Taras Grescoe is the author of eight non-fiction books, including his latest, The Lost Supper: Searching for the Future of Food in the Flavors of the Past. Follow him on Substack.

Two thousand years ago, a plant the Greeks knew as silphion (and which Roman chefs and physicians referred to as silphium or laser) disappeared from the face of the Earth. According to Pliny the Elder, the last stalk of silphion was shipped from North Africa to Rome, where it was said to have ended up in the ample belly of the Emperor Nero.

It was prized for its intoxicating aroma, and a flavour that transformed everything from a plate of scalded sow’s womb to a pot of lentils into a dish fit for the gods. The disappearance of silphion is considered the first extinction of any plant or animal species in recorded history, as well as a cautionary tale in how thoroughly human appetite can extirpate a species from the wild. That’s why I was intrigued when a plant matching the description of silphion, Ferula drudeana, was discovered growing in the centre of Turkey.

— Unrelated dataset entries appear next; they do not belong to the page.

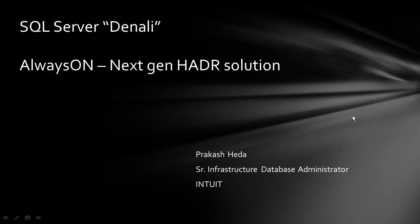Welcome to SQL Server Denali, always on next-gen HADR solution. In this series of videos, we are preparing Hyper-V setup to test SQL Server Denali Availability Group and Virtual Failover.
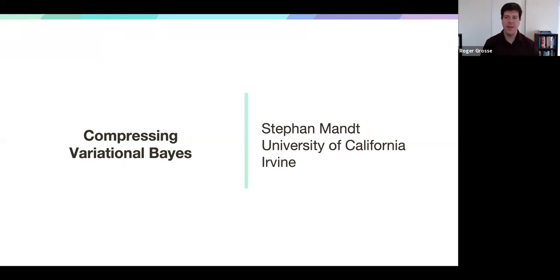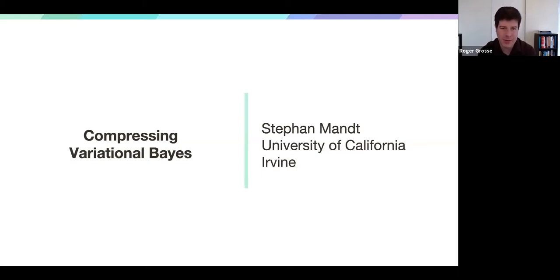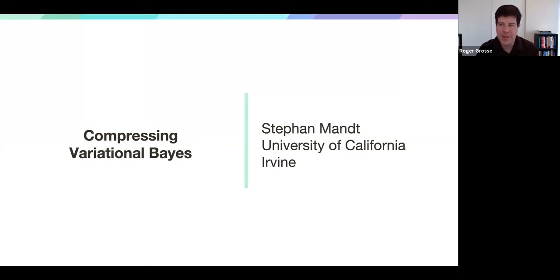Hi everyone, I think we can get started. Today we're very lucky to have Steven Montt. He's an assistant professor of computer science at UC Irvine. Before that, he was a senior researcher and head of the statistical machine learning group at Disney, first in Pittsburgh and then in LA, and a postdoc at Columbia and Princeton. He's originally a physicist by training, with a PhD in theoretical physics from the University of Cologne, a fellow of the German National Merit Foundation, Kavli fellow of the US National Academy of Sciences, and was a visiting researcher at Google Brain. He's done interesting work in many areas of machine learning that builds on ideas from physics.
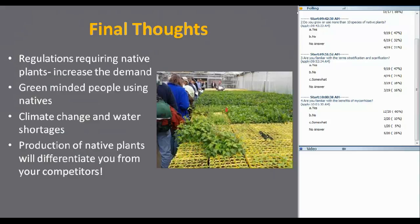Some final thoughts. The regulations requiring native plants are coming. Right now the Forest Service has a native plant policy requiring native plants and local seed sources on their projects. Green-minded people are using natives here in the Pacific Northwest, and your dry summers save a lot of money on water. Climate change and water shortages are going to make it even more important. And here's the big one — as a grower, production of native plants will differentiate you from your competitors.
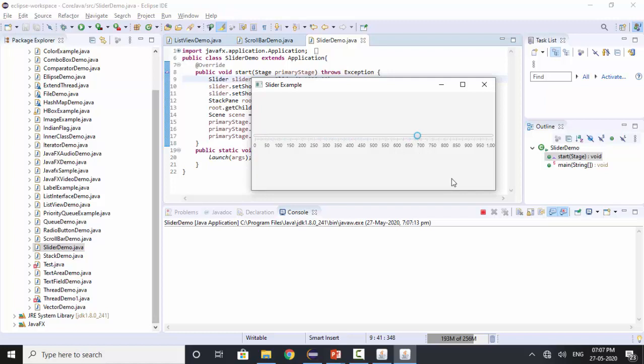So in various applications where we need to change the value based on this slider value we need to apply some operations based on the slider operations we can set it. In various scientific applications where we require the measurements where we require the calculations based on the values of the slider we can use the slider.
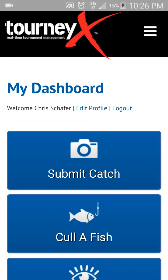Hey everybody, this is Chris Schaefer at the Mountain State Kayak Anglers. Today I'm going to do a quick tutorial on how to use the Tourniacs real-time tournament management software. We're going to cover how to upload your catches, and once you reach a limit, how to cull a fish. Another tutorial will cover how to register for tournaments and things like that.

In the 1600s, botanist Johannes Bodaeus had to use imagination for this woodcut of silphion in an edition of Historia Plantarum, in which the philosopher Theophrastus describes the plant. Colorization by The Globe and Mail
Ferula drudeana, which grows in Turkey today, matches the description of silphion, and is presumed to be the same herb. These specimens are being prepared for culinary experiments. Courtesy of Taras Grescoe

With Mahmut Miski, a professor of pharmacognosy at the University of Istanbul, I travelled to an orchard on the flanks of Mount Hasan, an extinct volcano near Konya, where for centuries, the plant had been protected from the attentions of browsing goats and sheep by stone walls. We took several stalks to Istanbul, where Sally Grainger, a British expert in ancient gastronomy, used the resin to replicate dishes from the book commonly known as Apicius, the most complete surviving compendium of Roman recipes. Ms. Grainger made prawns in silphion sauce, lamb with sweet wines and plum, and sautéed squash, being careful to make versions without the herb as a control.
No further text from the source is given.